Many of us have been the victim of a phone scam or we know someone who has been and unfortunately phone scams are worryingly prevalent in the UK. However, if you make yourself aware of some of the most common scams and take a few simple steps to protect yourself, you massively reduce the chances of getting ripped off.

Some of the most common phone scams in the UK include HMRC scams, bank and financial scams, tech support scams, lottery scams, identity fraud scams and sadly even charity related scams.

Understanding how these scams usually play out - and recognising the signs if a caller is trying to play a fast one on you - can help protect you from the scammers. There are also a few additional technical steps you can take to make it harder for them to get to you.

HMRC scams involve fraudsters posing as HM Revenue and Customs (HMRC) officials and calling you to claim you owe taxes, then threatening legal action if immediate payment is not made. They often ask for payment via bank card or transfer. HMRC themselves should never make threatening phone calls or request payment in this manner, so if you get a call like this hang up straight away and contact HMRC directly to verify if you do have any outstanding tax issues.

Scammer might alternatively call pretending to be from your bank or a financial institution such as a pension or investment fund. Legitimate organizations should never ask for your personal, confidential information over the phone, especially if you have not initiated the call yourself. So if you do get such a call or text message, hang up or delete it, then contact your bank directly using their official contact details to verify any concerns.

With tech support scams criminals call innocent people and claim to be from well-known technology companies and falsely 'inform' the targeted victim of a supposed problem with their computer or software. They may ask for remote access to your device or request payment for fake IT fixes. Reputable tech companies would not contact you in an unsolicited manner regarding technical issues, so be cautious and avoid providing personal information or granting remote access to anyone you don't trust.

Scammers also employ techniques whereby they contact people and tell them they've won the lottery or a specific prize and request payment for processing fees or taxes before releasing the funds.
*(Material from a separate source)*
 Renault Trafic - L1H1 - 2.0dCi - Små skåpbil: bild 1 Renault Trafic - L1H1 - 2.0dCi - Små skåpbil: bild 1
Again, be highly sceptical of any such call or text message and never send money or disclose personal information to unknown individuals.

It may seem beyond belief but some fraudsters even exploit people's generosity by posing as volunteers for well-known charities, seeking donations over the phone. Always verify the legitimacy of the charity by researching their official website or contacting them directly before making any donations. Avoid making donations over the phone unless you initiated the call.
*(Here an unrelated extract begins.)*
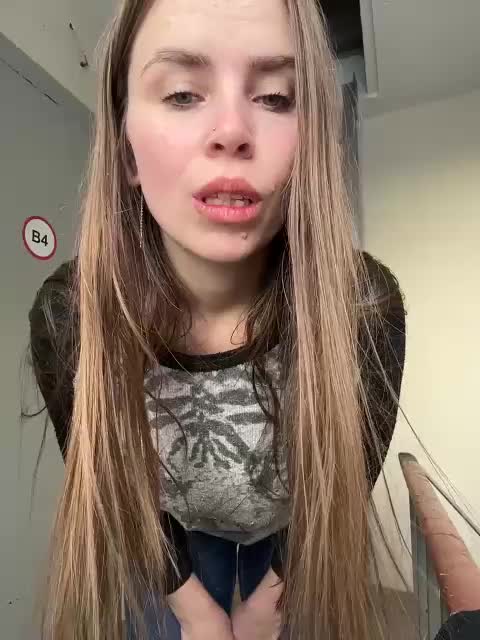 LolaSexxx Adult Chat February 21, 2026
To protect further yourself from phone scams in general, you can also consider taking the following preventive measures.

Always push back and ask as many questions as you can on unexpected calls. If someone's asking for payment details over the phone for something you did not seek or initiate, tell them where to go and block the number. If you can get contact details for them, report them to the police (see the Action Fraud website) if you believe you had a fraudster on the line trying to cheat you out of money.

Using a VPN is another wise move. You can find well priced VPNs and configure them on your devices to protect your identity and data. If you're on a VPN when using a public wifi network it helps shield you from data theft, which can often lead to financial theft, so using a VPN is a good option.

Use a service such as 2ndnumber.tel to get a new phone number which you then use to give out to companies or services when signing up. You can use your new UK mobile number for two factor authentication and to give out publicly for business, then keep your private number just for friends and family, reducing the likelihood of a scammer contacting you on your personal number.

Also, 2ndNumber don't require your ID or any long term contract to sign up, which means less of your personal information being given away and more privacy and security for you.

You can also consider registering with the Telephone Preference Service (TPS), which is free of charge and classes itself as 'the UK's only official 'Do Not Call' register for landline and mobile numbers'.

By registering with the TPS, which is recommended by Citizen's Advice, you are essentially opting out of unsolicited calls. So then if you do get an unsolicited or nuisance call or text you'll already be on red alert.

Another tip from Citizen's Advice is to forward nuisance SMS messages to 7726, which is free of charge and will report the sender to your mobile network.

If you believe you have been the victim of a phone scam or attempted phone scam take action immediately and report it in as much detail as possible, as quickly as possible, to Action Fraud, which is a service run by the police as a national reporting centre for fraud and cyber crime.